Indian Minister of Health
- In office 2 September 1946 – 14 August 1947
- Prime Minister: Jawaharlal Nehru
- Succeeded by: Rajkumari Amrit Kaur

Minister of Finance of Alwar State
- In office 11 January 1933 – 13 February 1937
- Monarch: Jai Singh Prabhakar
- Prime Minister: Francis Verner Wylie
- Preceded by: L Alak Dhari
- Succeeded by: Rao Sahib Lala Ramlal Anand

Personal details
- Born: 16 August 1895 Pind Dadan Khan, Jhelum district, Punjab, British India (present-day Punjab, Pakistan.)
- Died: 17 April 1963 (aged 67)
- Party: Unionist party All-India Muslim League Pakistan Muslim League (post-independence)
- Alma mater: Government College, Lahore
- Profession: Politician; Diplomat;

= Ghazanfar Ali Khan =

Indian politician and monarch (1895-1963)

Raja Ghazanfar Ali Khan Khokhar (16 August 1895 - 17 April 1963) was a Pakistan Movement activist, politician and diplomat. He was born in Pind Dadan Khan, a town in Jhelum district, British India. He was a leading member of the All India Muslim League and a trusted lieutenant of Muhammad Ali Jinnah, serving in the Interim Government of India of 1946 as a member of the Central Legislative Assembly of India.

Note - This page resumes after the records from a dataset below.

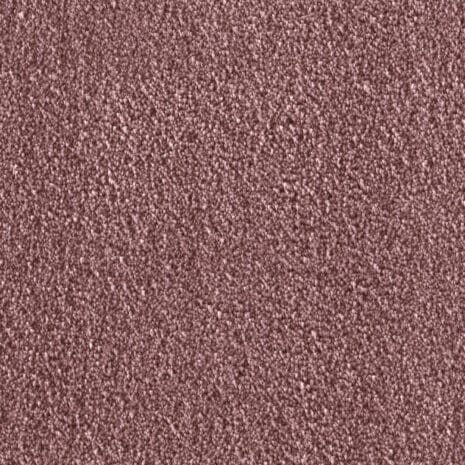 Amelie_1Q24 Amelie_1Q24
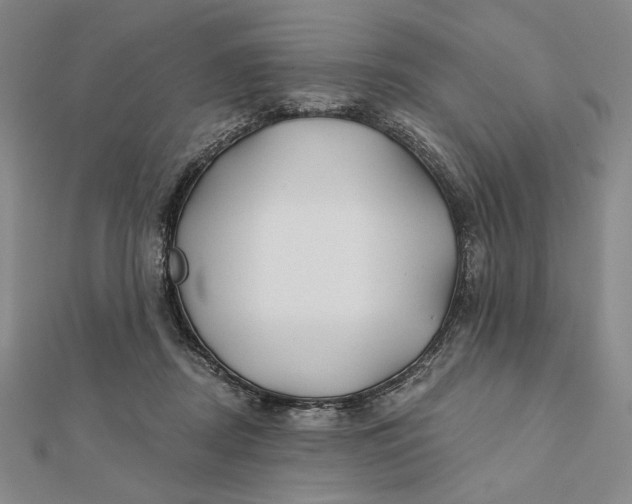 X0000112060362200908251026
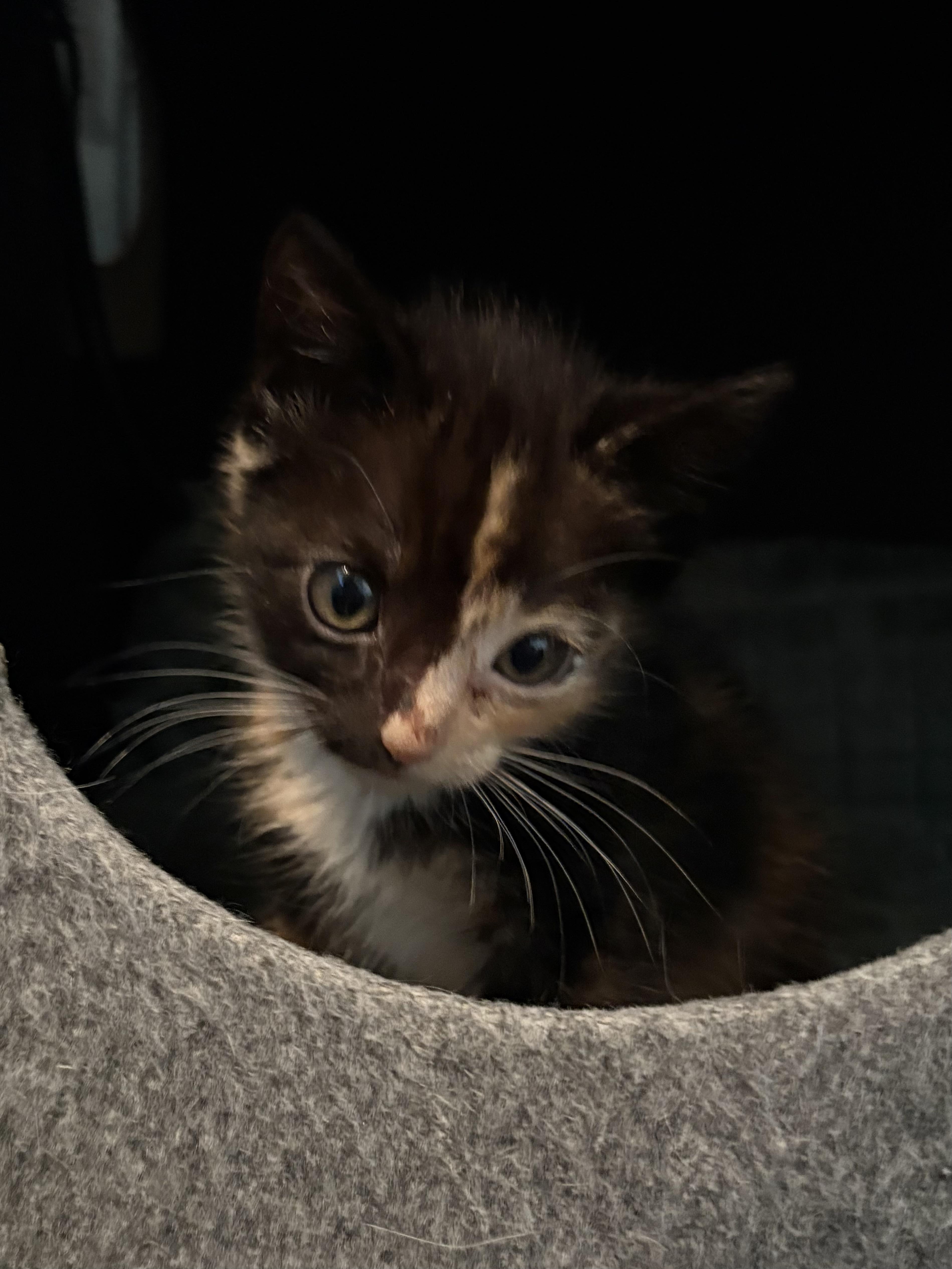 Enlarge Cinderella, a Adopted Domestic Short Hair in St Petersburg, FL image 6/6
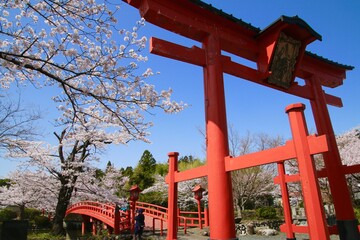 涼ケ岡八幡神社の桜（福島県・相馬市）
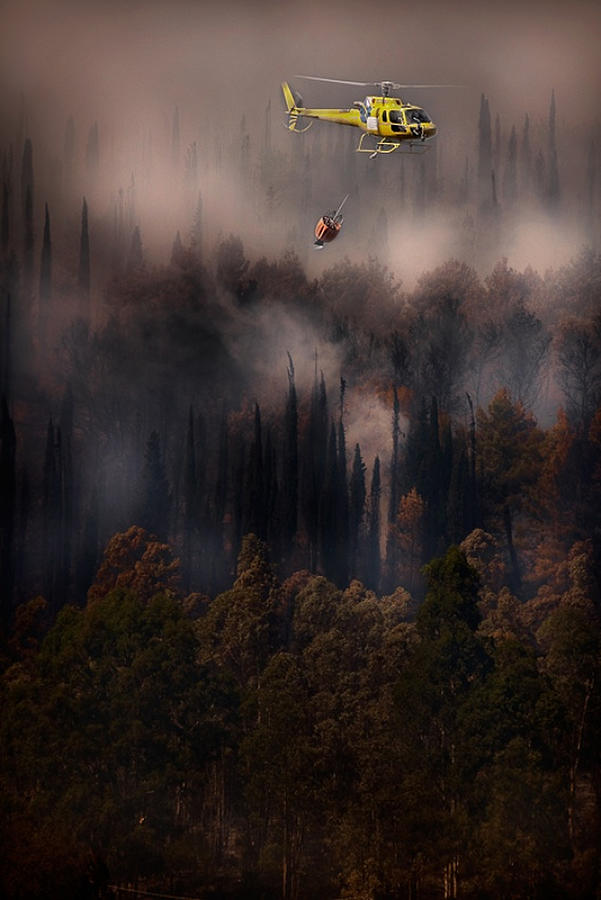Fire In The Cilento National Park - Italy #1 Photograph by Antonio Grambone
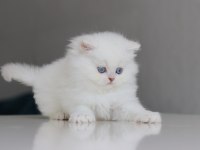 Full Şecereli Babadan Teslime Hazır Erkek British Longhair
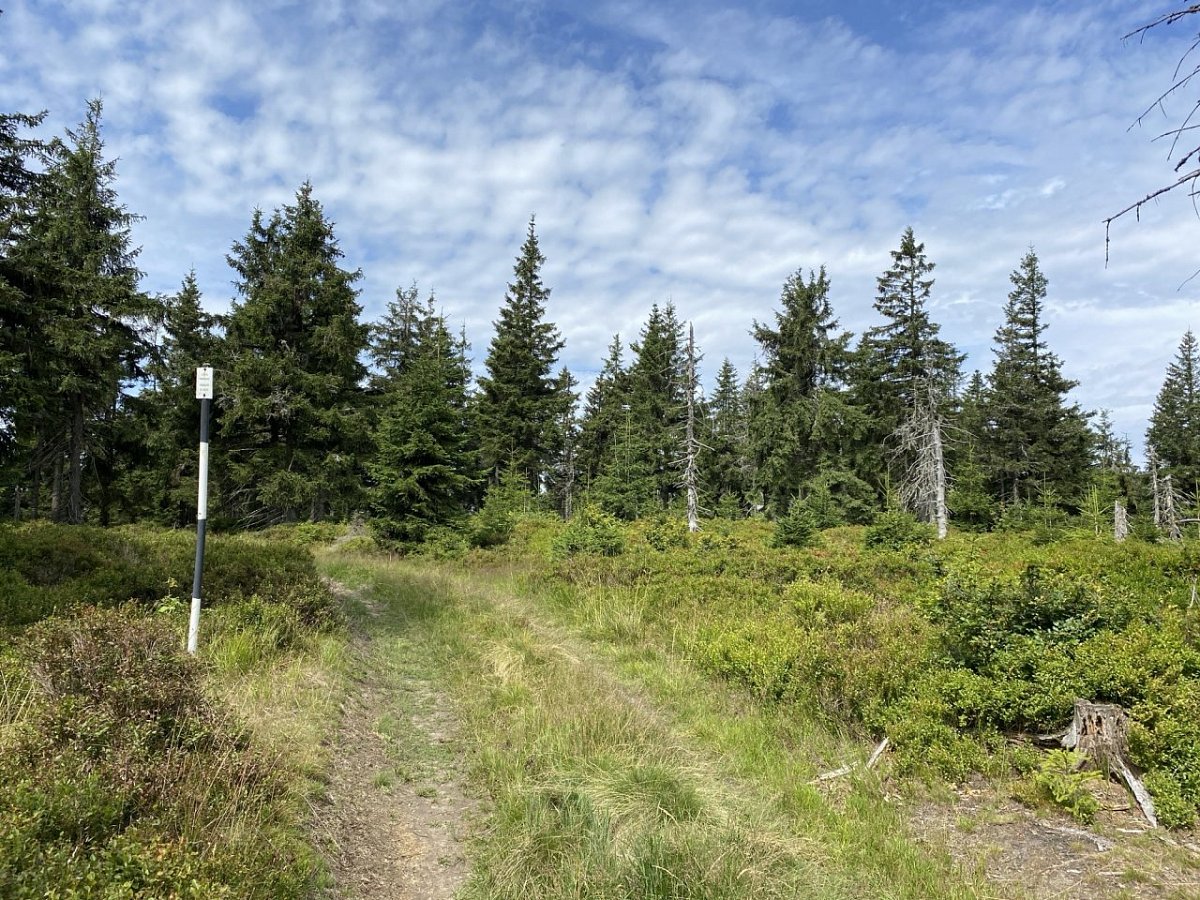 Šindelná hora (1123&nbsp;m)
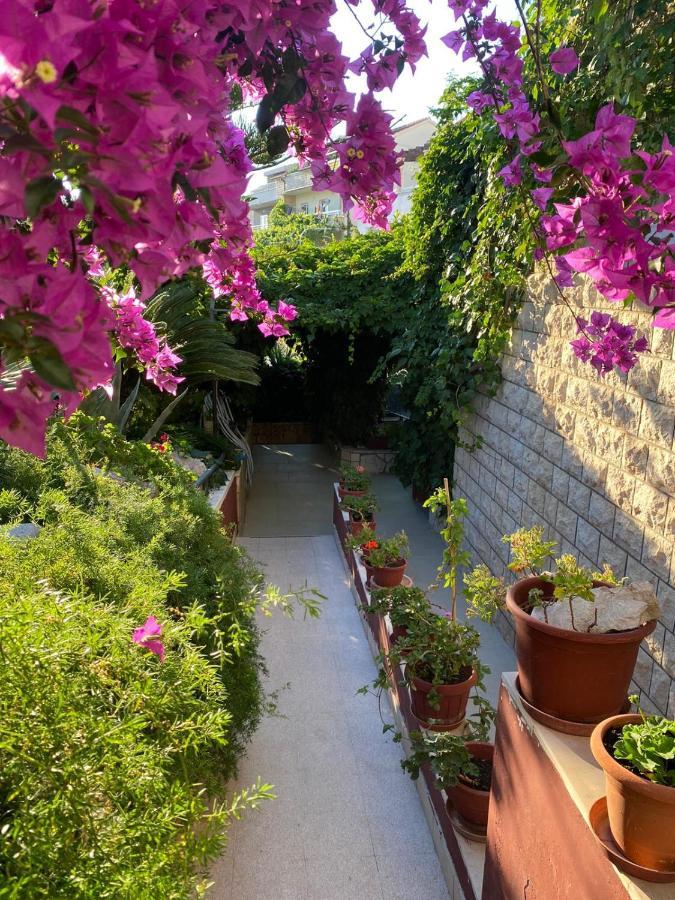 Villa Tania Hvar Town Exteriér fotografie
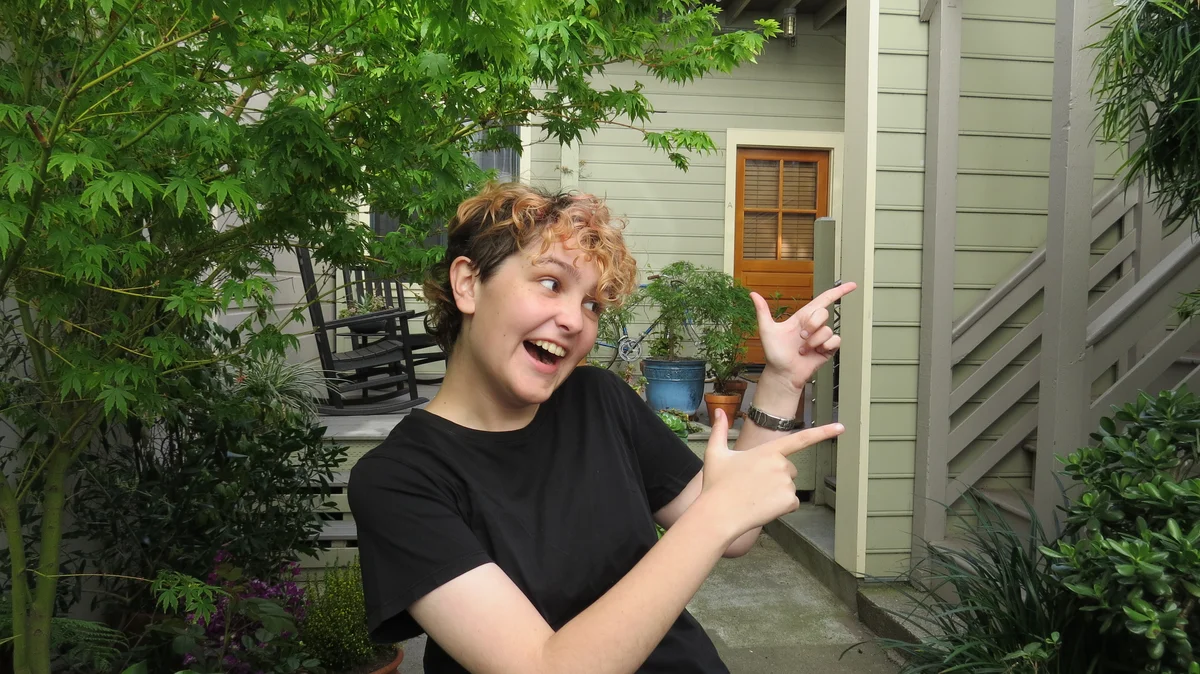 Press kit photo – finger guns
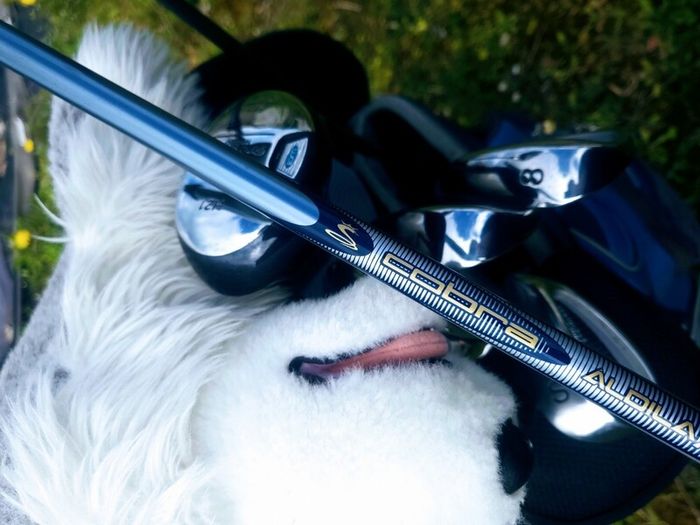Set of Ladies Golf Clubs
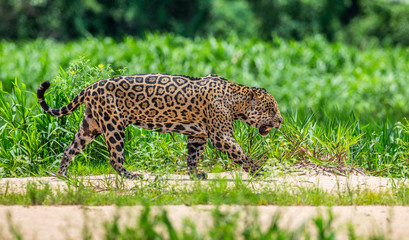Jaguar is walking along the sand against the backdrop of beautiful nature. South America. Brazil. Pantanal National Park.
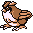 Pidgey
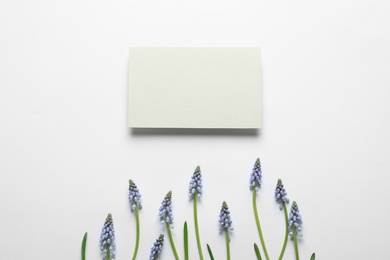 Beautiful spring muscari flowers and card on light background, flat lay. Space for text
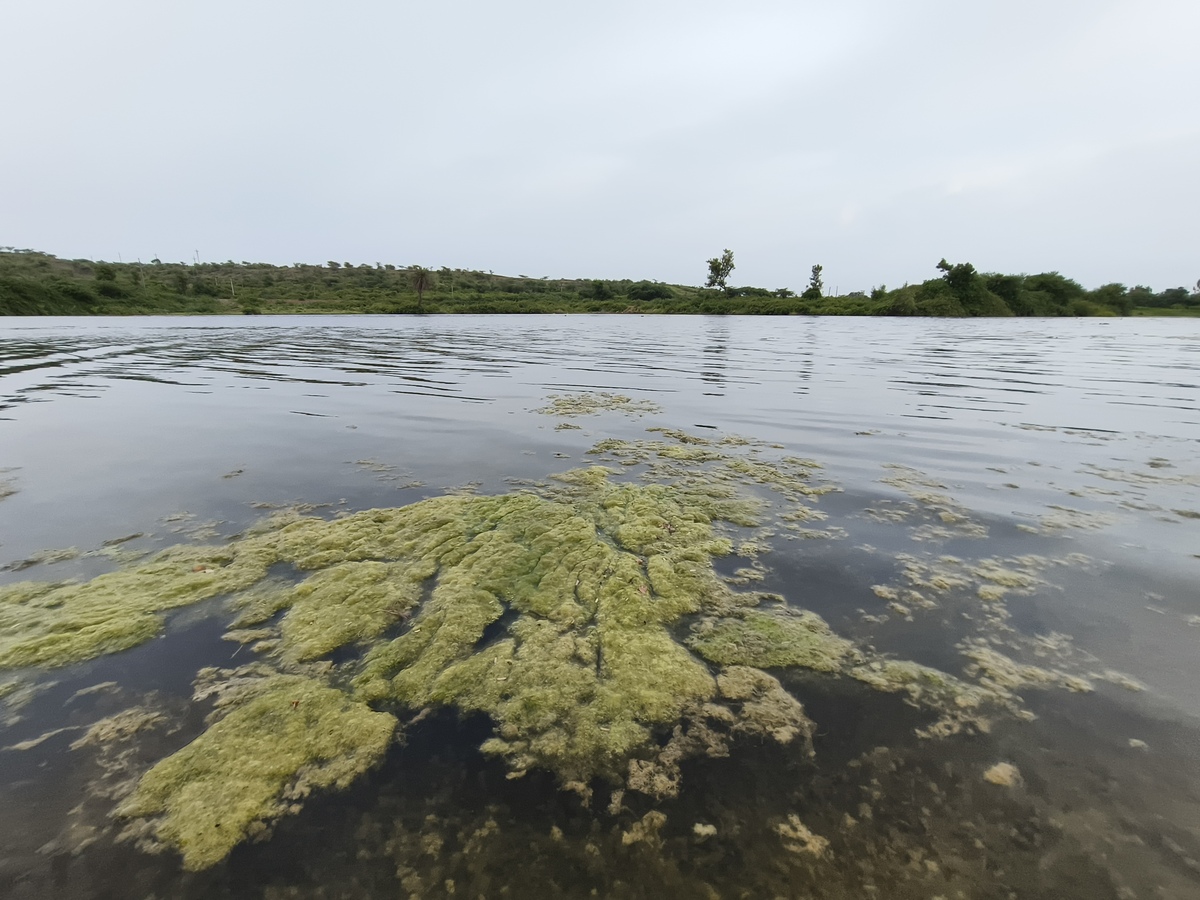 总结下面对话字数300左右本文基于Landsat8卫星影像数据利用slope函数分析2022年7月至10月的植被覆盖度变化以及土地利用变化：利用遥感影像观测鄱阳湖区域水体面积的变化情况：利用植被指数NDVI与地表温度LST构建特征空间并构建TVDI模型分析2022年7月至10月的干旱时空分布特征以及变化趋势结论如下：1	从2022年7月到10月鄱阳湖区域的植被覆盖度除了原鄱阳湖水体区域呈现增加的趋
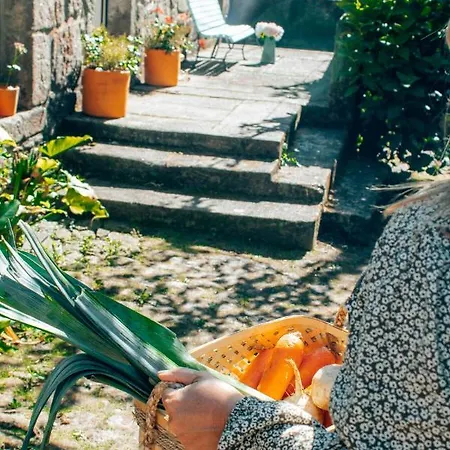 וילה Just Like - Quinta Da Cavada Em Vilar De Mouros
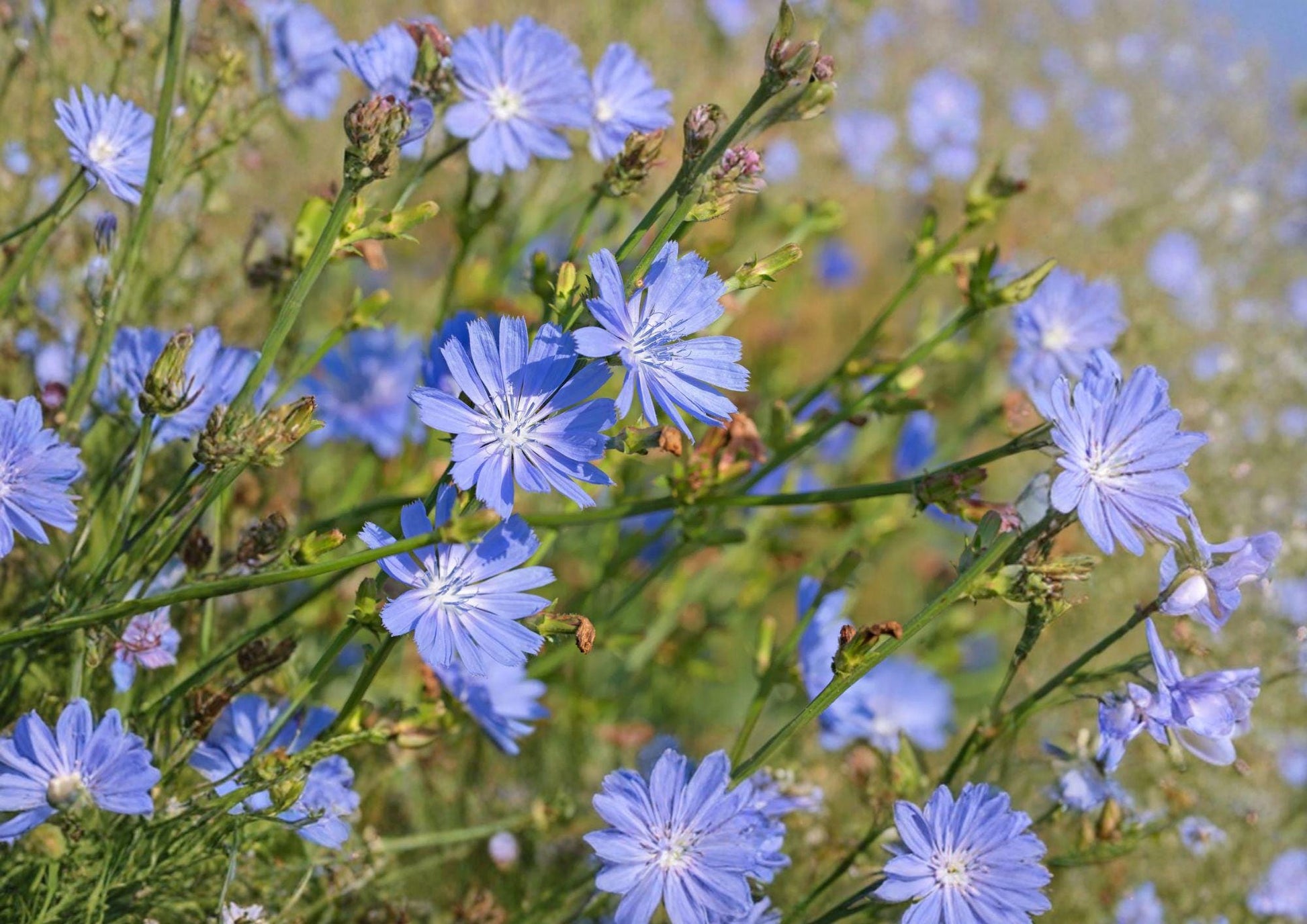 Chicory Seeds 1000+ Non-GMO Heirloom Blue Dandelion Coffeeweed Succory Herb Flower Cichorium Intybus
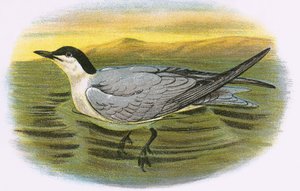 Sterna zampenere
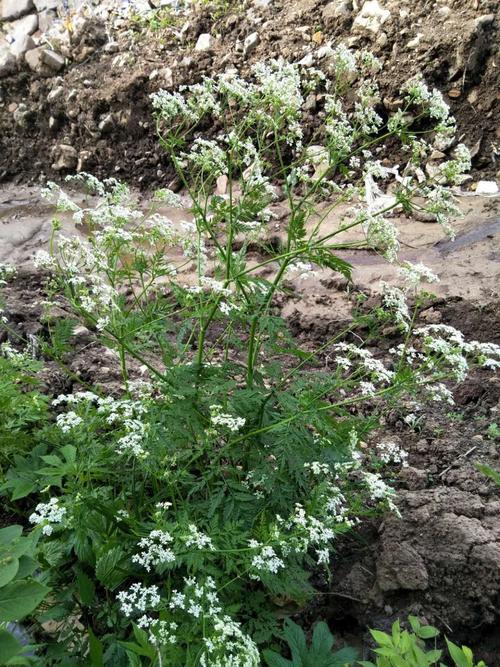 首页 植物物种卡 草本 > 正文    种名(中): 蛇床子 学名(拉丁)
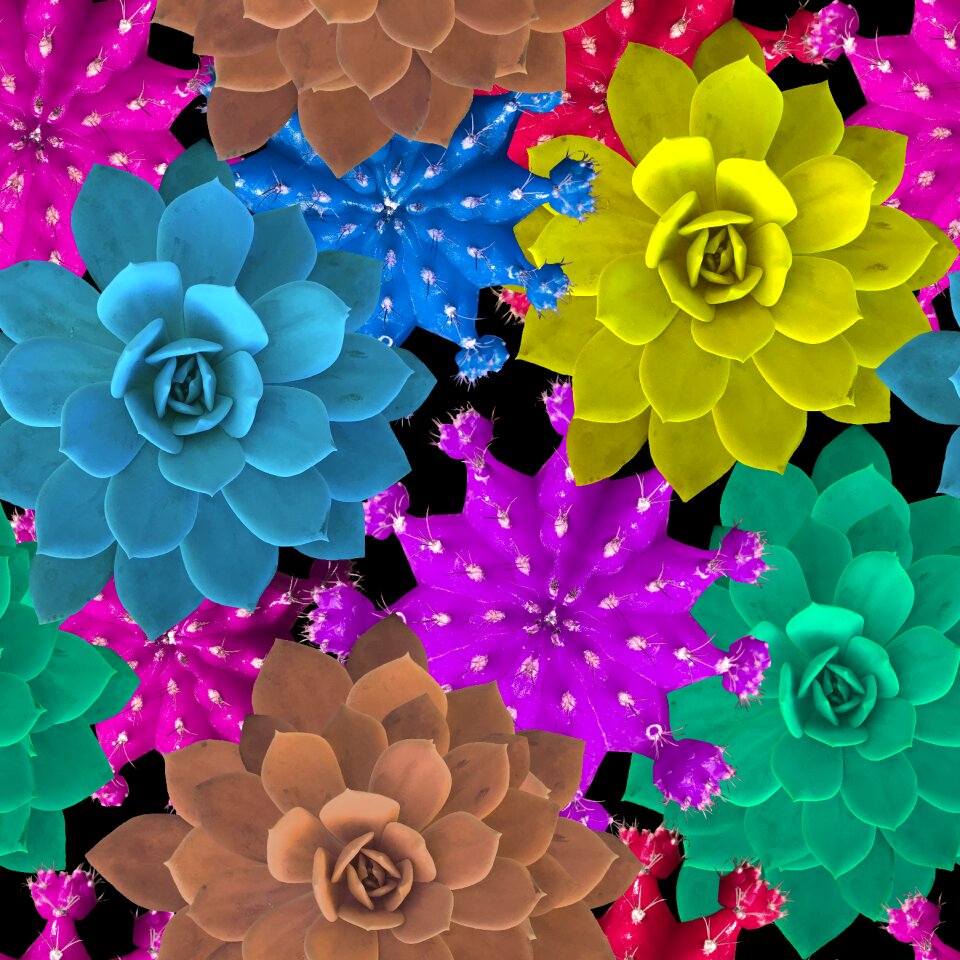 Photos purple fractal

After independence of Pakistan in 1947, he became the minister of Food, Agriculture and Health in the Government of Pakistan and finally a diplomat for Pakistan in many countries from 1948 to 1957.

==Early life and career==
Ghazanfar Ali Khan's father was Saif Ali Khan. A Rajput Khokhar from Pind Dadan Khan in Jhelum district, Ghazanfar Ali was an uncle of Pir Syed Fazal Shah of Jalalpur Sharif, another influential figure in the region during the Pakistan Movement. Ghazanfar completed his high school education at Jhelum and then went on to Government College, Lahore.

Ghazanfar Ali Khan joined the Unionist Party in 1923 because he had political ambitions and was a prominent figure in Muslim politics by 1927, when he attended a conference, comprising 30 significant Muslim leaders, that resulted in the "Delhi Muslim Proposals" which attempted to address constitutional development but were ultimately thwarted by the recommendations of the 1928 Nehru Report. He persuaded his nephew to support his career in politics and this brought with it support from those who favoured his nephew Pir Fazal Shah himself.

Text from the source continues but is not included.